On the other side, the pipes grew wider and wider apart until I admitted I was too chicken to continue on, for fear of falling between them and into the slurpy, murky mangrove waters/mud/trash/unknown-particles-but-certain-to-contain-sufficient-sums-of-monkey-poop below. And though we did spot a good number of proboscis monkeys, they moved so fast — and for the most part were so high up — that it was impossible for me to capture a decent photo. Part of the problem was that, in order to photograph the monkeys, you had to stand on one of the pipes while craning your neck sky-wards, camera held high on the ready. This, in turn, created an unexpected feeling of vertigo, so that I frequently found myself wind-milling my arms to keep my balance instead of holding the camera like the professional I apparently am not. Sigh. My fantasy of being a National Geographic Photojournalist is officially dashed.
And even though we never got a good shot of the proboscis monkeys, just seeing and hearing them in their natural habitat was amazing. Their call is high-pitched and rapid and fills the air so that it sounds as if you are surrounded by a strange flock of birds. These guys are super acrobatic, too — they leap from treetop to treetop with astonishing speed and agility.
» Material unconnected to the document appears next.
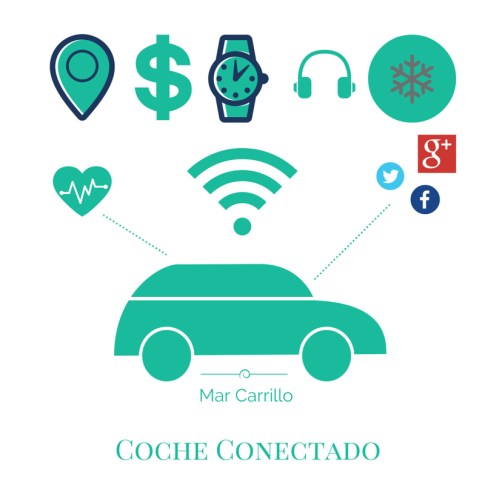 Internet en el coche - Mar Carrillo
Their jumping distance really surprised us; due to their speed, it was hard to make an accurate estimation, but it seemed they could leap sideways at least ten or so feet, and when they’d drop southwards from tree to tree, it was like watching a bizarre roller coaster ride. I was so surprised by their movements, that I almost fell backwards a few times. Thank goodness I didn’t because I do not want to find out what’s in that scary water below!
In short, the experience was amazing. We’re just not sure what part was the most fun: the adventure of walking over those Pertamina water pipes or finally visiting proboscis monkeys! And that’s the kind of magic that happens when you step outside to explore a bit of Balikpapan!